Il cerchio di sangue
“Prima della pioggia” è un film segnato dal sangue. Sangue inteso in doppio significato: come traccia della guerra, della violenza, dell’odio; anche però come segno, al tempo stesso carnale e spirituale, della fratellanza, di un irriducibile vicinanza.

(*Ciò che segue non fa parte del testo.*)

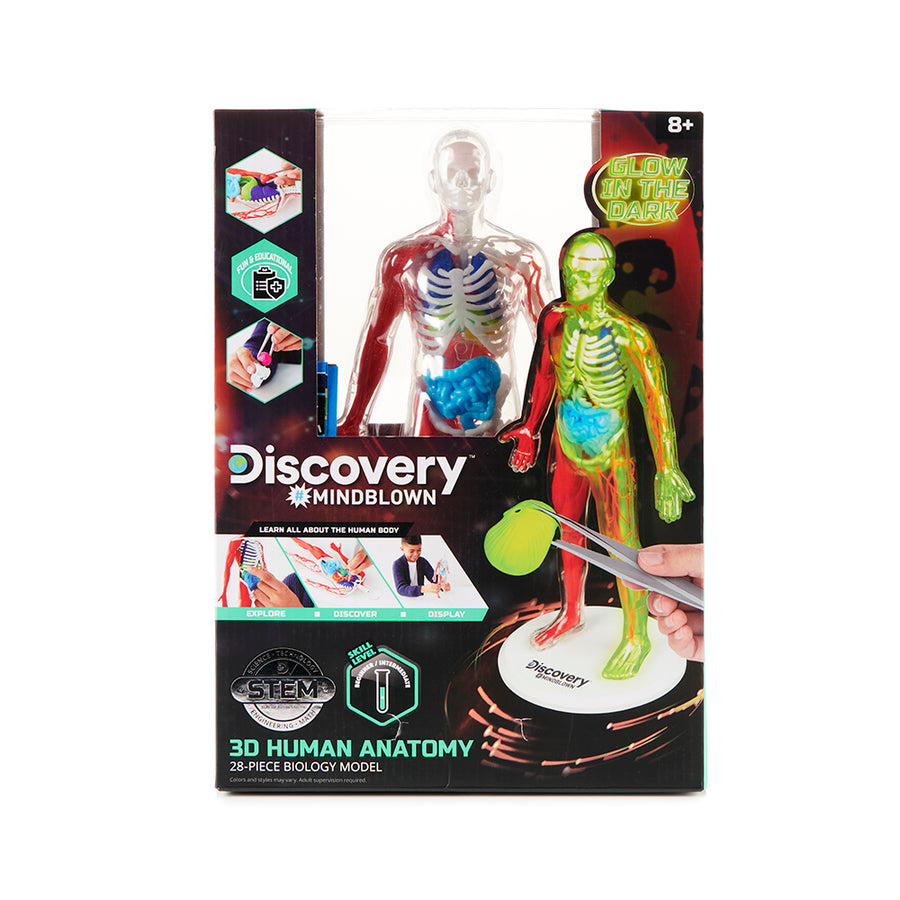 Discovery Anatomy Human Kit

Manchevski ha dichiarato che per lui fare cinema non è fare arte, bensì trattare il mito. Nel mito è presente la memoria, da dove veniamo. Ricordo e memoria della morte, della sofferenza e di quella poca gioia. Il mito e tutta una serie di narrazioni, che unite (non in senso cronologico bensì seguendo la fratellanza, la vicinanza istintuale del racconto) fanno lacrimare la memoria, con lacrime di sangue. Perchè il mito è impregnato dal sangue: il sangue delle origini, della tradizione, del rito. Rito in cui si trova la memoria di un popolo, in questo caso il macedone, lacerato dal dolore.
La storia narrata dal cineasta è senza età, eterna: ferisce direttamente l’istinto; è anche però profondamente e visceralmente macedone e radicata negli anni, crudeli e amari, nei quali si svolge. Nel cerchio della vita e della morte della pellicola l’inizio è la fine e la fine è l’inizio, un eterno ritorno di strage e dolore. E quando tutto sarà finito, forse, resterà la memoria. Il regista è affascinato dal mito anche nel senso più avventuroso e romanzesco (ma non per questo meno nobile) del termine è profondamente influenzato dal cinema western; infatti nell’opera ci sono citazioni da “Il mucchio selvaggio” di Sam Peckinpah e da “Butch Cassidy” di George Roy Hill. Del primo, oltre alla sparatoria letteralmente esplosiva del capitolo “Volti”, prende una tortura di un animale: qui una tartaruga che agonizza nel cerchio (ancora…) della sofferenza e della memoria, lì degli scorpioni che mentre facevano strage di formiche vengono bruciati vivi da bambini sadici, divenuti dei pazzi e crudeli. La seconda, forse più gratuita, è la canzone fischiata in bicicletta dal protagonista che è la stessa sentita durante il corteggiamento, consapevolmente inutile di Paul Newman a Katharine Ross: in entambi i film è un momento sereno a cui però seguirà un epilogo tragico. Sembra che, basandoci anche su ciò che sappiamo di “Dust”, Manchevski abbia voluto creare nel suo paese natale una frontiera, un eastern. Non è un caso poi che entrambi i su citati western non siano delle celebrazioni della frontiera, ma rigurdino la sua fine, la sua scomparsa. In Peckinpah un epico urlo di odio contro tutto e tutti, in Hill una malinconica elegia. E questa frontiera a noi così vicina geograficamente e così lontana mentalmente, è ritratta sotto un segno barbarico e rituale. Viene alla mente il noir francese “I senza nome” di Jean Pierre Melville che in originale si chiamava “Le cercle rouge” (Il cerchio rosso): anche lì le vite sono unite in un cerchio di sangue e violenza voluto dal desino. Questo perchè, sembrano dirci quasi in coro due cineasti così irriducibilmente diversi come Manchevski e Melville, il destino dell’uomo è impregnato dal sangue, inteso sia come simbolo di vita che come simbolo di morte.